(EXTRACTED DATA):
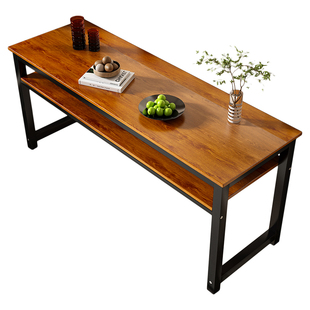 定制双层书桌写字桌学生培训桌电脑桌加高桌子长条桌书法桌美甲桌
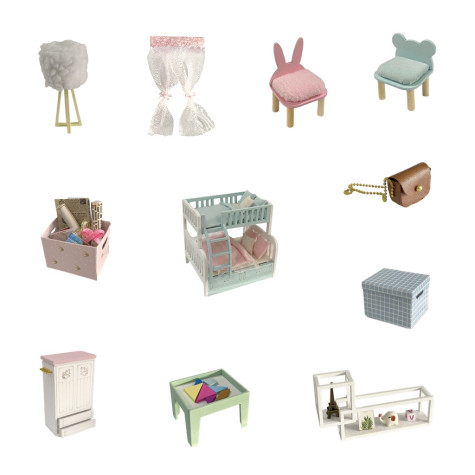 2Kids Toys miniatura domečku Útulný dětský pokoj ~ 2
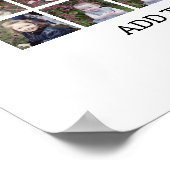 Poster Grille de collage photo de 81 Carrés - Texte perso (Coin)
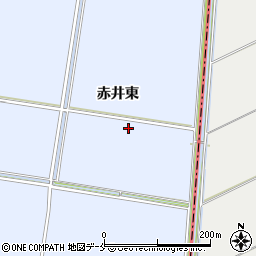 宮城県東松島市赤井東周辺の地図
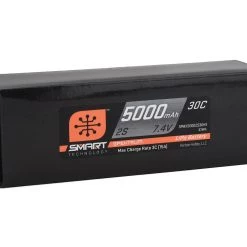 Spektrum RC 2S Smart LiPo Hard Case Battery Pack w/IC5 Connector (7.4V/5000mAh) -Spektrum RC shop spmx50002s30h5 1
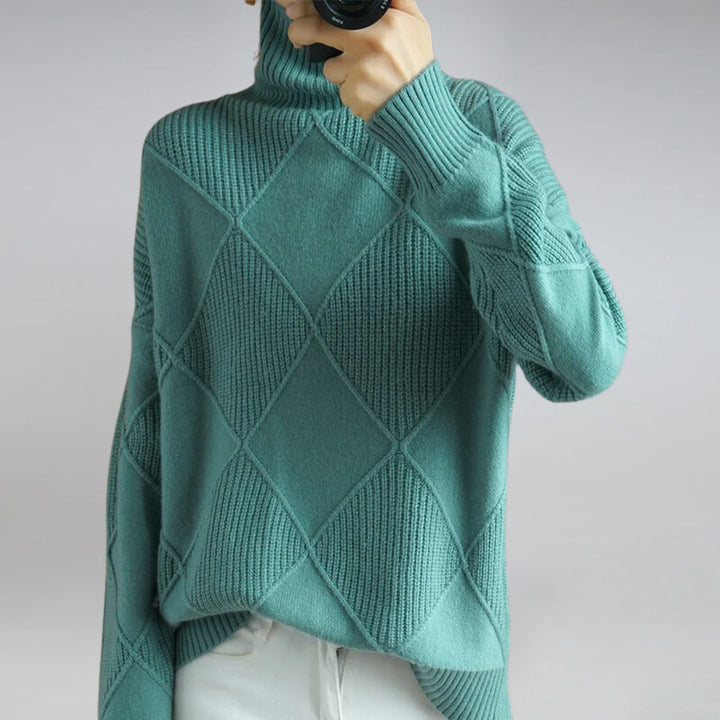 Classic Wool Turtleneck Sweater Warmth with Sophisticated Style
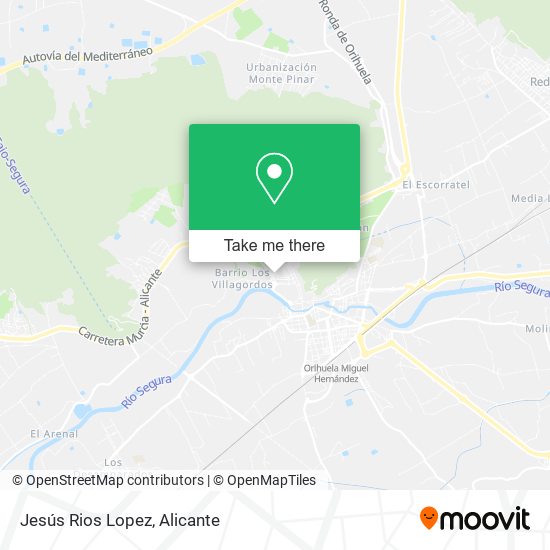 Jesús Rios Lopez map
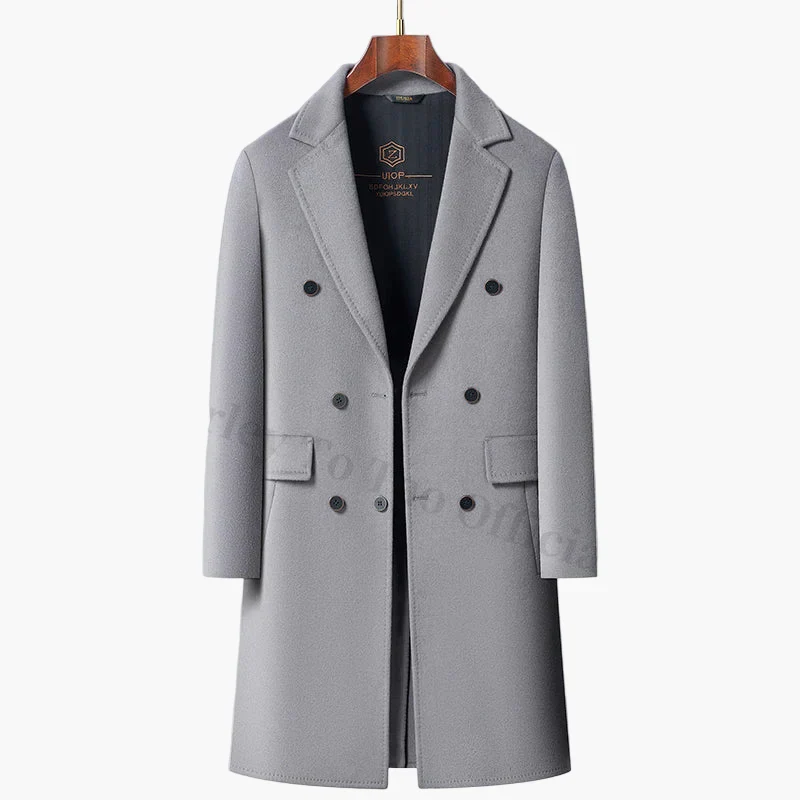 Herren Doppelreihiger City-Mantel – Eleganter Business- und Freizeitstil - Image 7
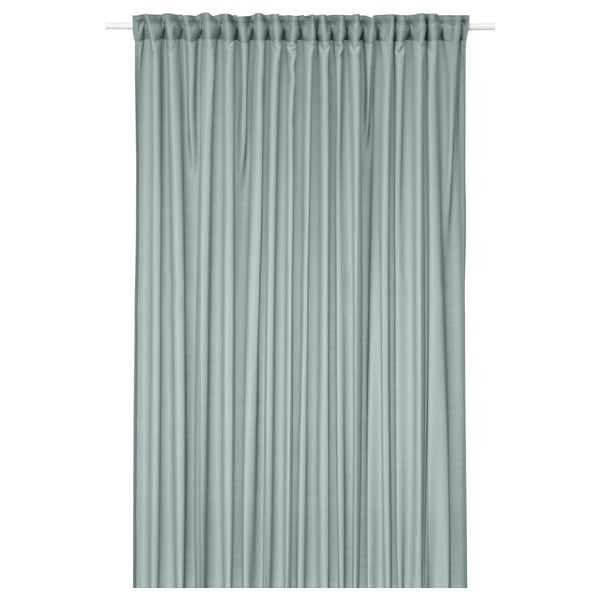 STENFRÖ ستارة شفافة، 1 قطعة, تركواز/مع شريط ستارة, 300x300 سم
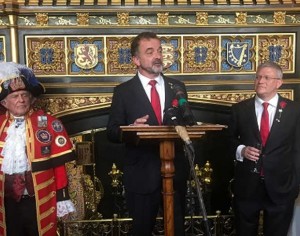 Conseller Bosch a Westminster// Foto Conselleria exteriors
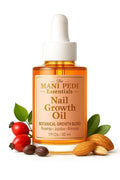 Natural Nail Growth Oil. Powerful Blend of Rosehip, Jojoba & Amond Oils. Promotes Stronger, Healthier Nails. Hydrates & Strengthens Cuticles for Faster Nail Growth - 1 Fl Oz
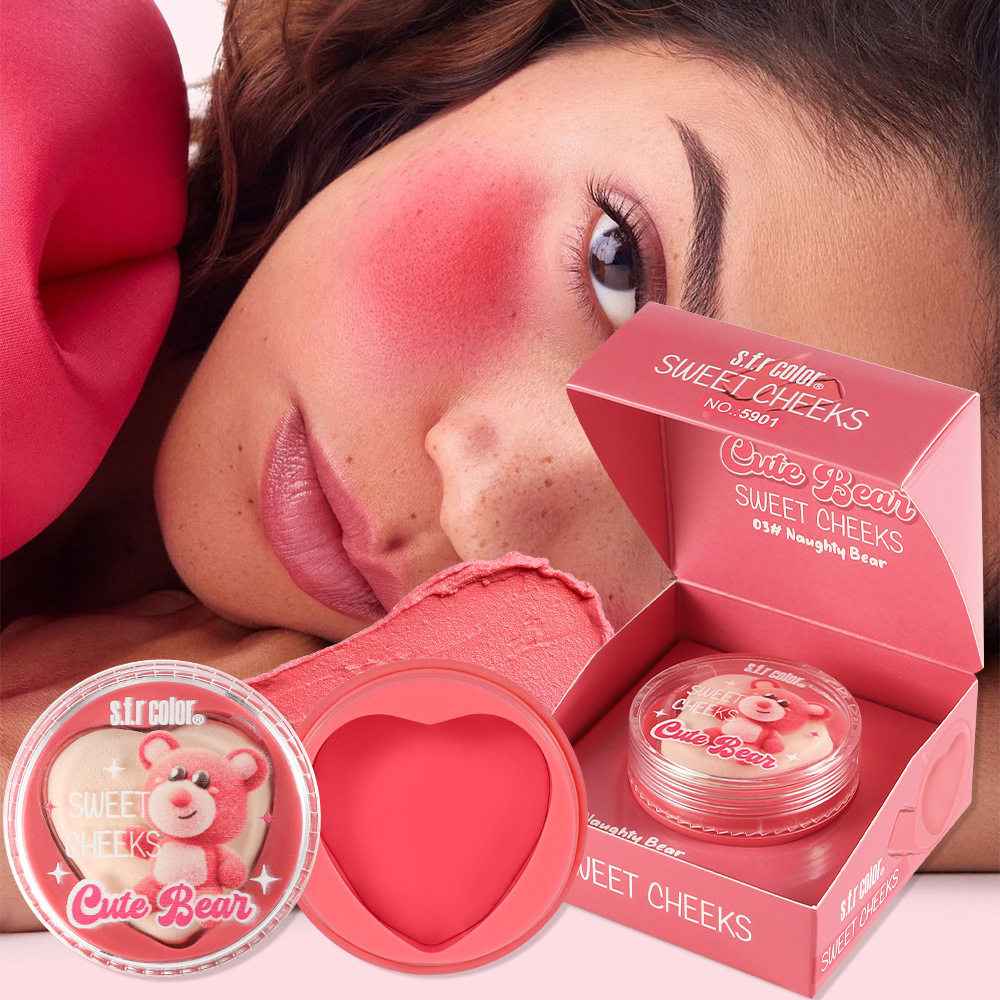s.f.r color transfronterizo exclusivo para el color natural de la energía vital, el amor, el color blush monocromático con polvo image 1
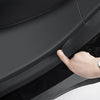 For Tesla Model Y Rear Door Built-In Sill Strip Rear Seats Anti-Kick Leather Protective Pad(Carbon Fiber)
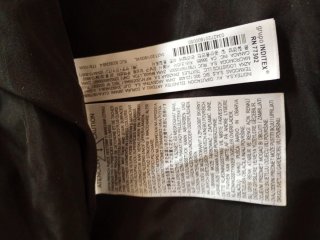 Chaqueta bolero Piel Zara XL Negra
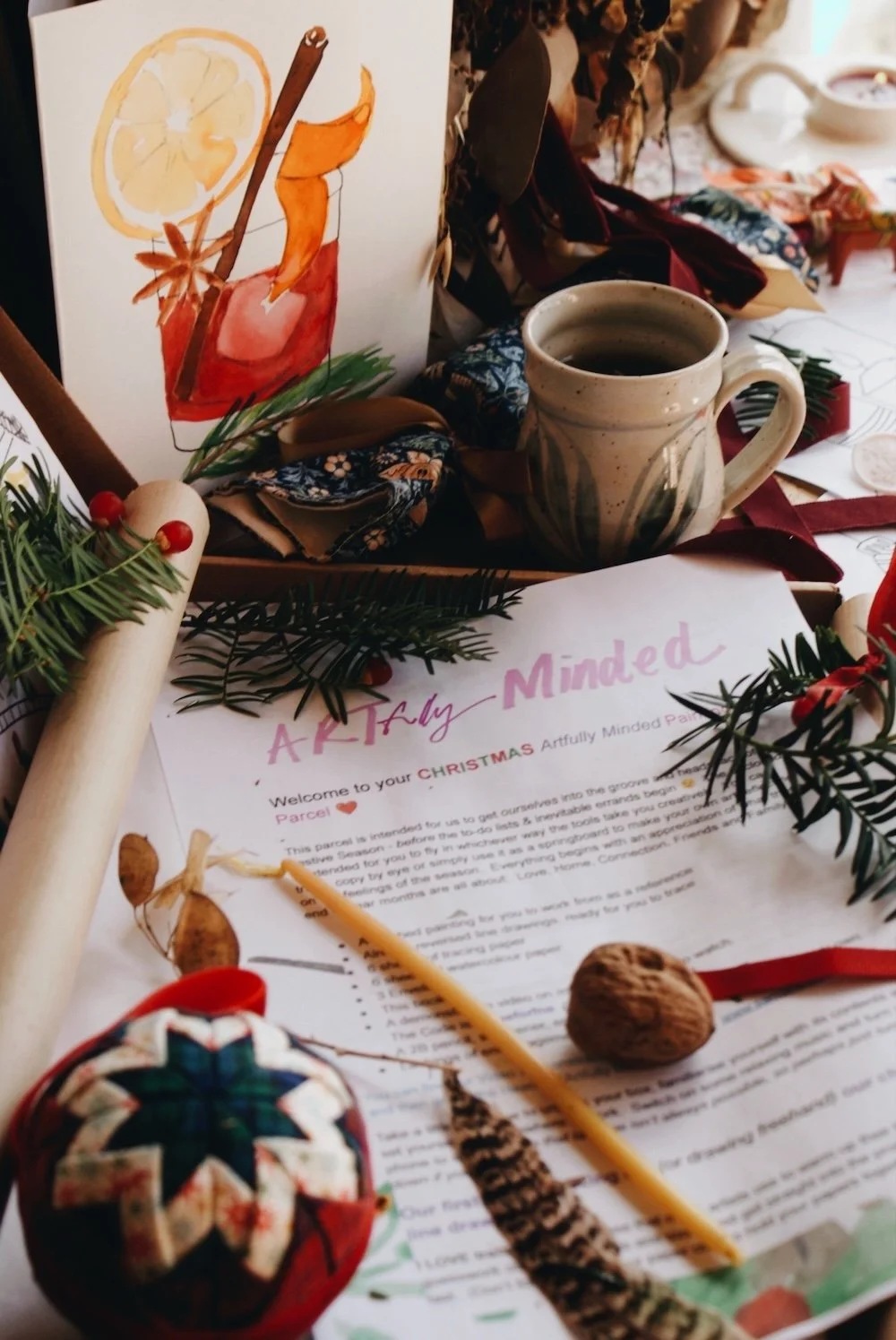 Artfully Minded Christmas Painting Parcels by Samantha Barnes Artist.JPG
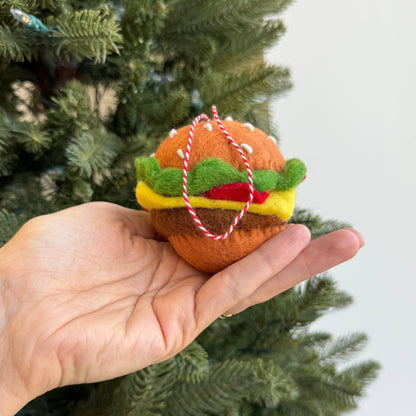 Food Felt Wool Christmas Ornaments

(TASK REQUIREMENTS):
Output every entry word for word, but omit the pictures.

(ANSWER TO THIS TASK):
 定制双层书桌写字桌学生培训桌电脑桌加高桌子长条桌书法桌美甲桌
 2Kids Toys miniatura domečku Útulný dětský pokoj ~ 2
 Poster Grille de collage photo de 81 Carrés - Texte perso (Coin)
 宮城県東松島市赤井東周辺の地図
 Spektrum RC 2S Smart LiPo Hard Case Battery Pack w/IC5 Connector (7.4V/5000mAh) -Spektrum RC shop spmx50002s30h5 1
 Classic Wool Turtleneck Sweater Warmth with Sophisticated Style
 Jesús Rios Lopez map
 Herren Doppelreihiger City-Mantel – Eleganter Business- und Freizeitstil - Image 7
 STENFRÖ ستارة شفافة، 1 قطعة, تركواز/مع شريط ستارة, 300x300 سم
 Conseller Bosch a Westminster// Foto Conselleria exteriors
 Natural Nail Growth Oil. Powerful Blend of Rosehip, Jojoba & Amond Oils. Promotes Stronger, Healthier Nails. Hydrates & Strengthens Cuticles for Faster Nail Growth - 1 Fl Oz
s.f.r color transfronterizo exclusivo para el color natural de la energía vital, el amor, el color blush monocromático con polvo image 1
 For Tesla Model Y Rear Door Built-In Sill Strip Rear Seats Anti-Kick Leather Protective Pad(Carbon Fiber)
 Chaqueta bolero Piel Zara XL Negra
 Artfully Minded Christmas Painting Parcels by Samantha Barnes Artist.JPG
 Food Felt Wool Christmas Ornaments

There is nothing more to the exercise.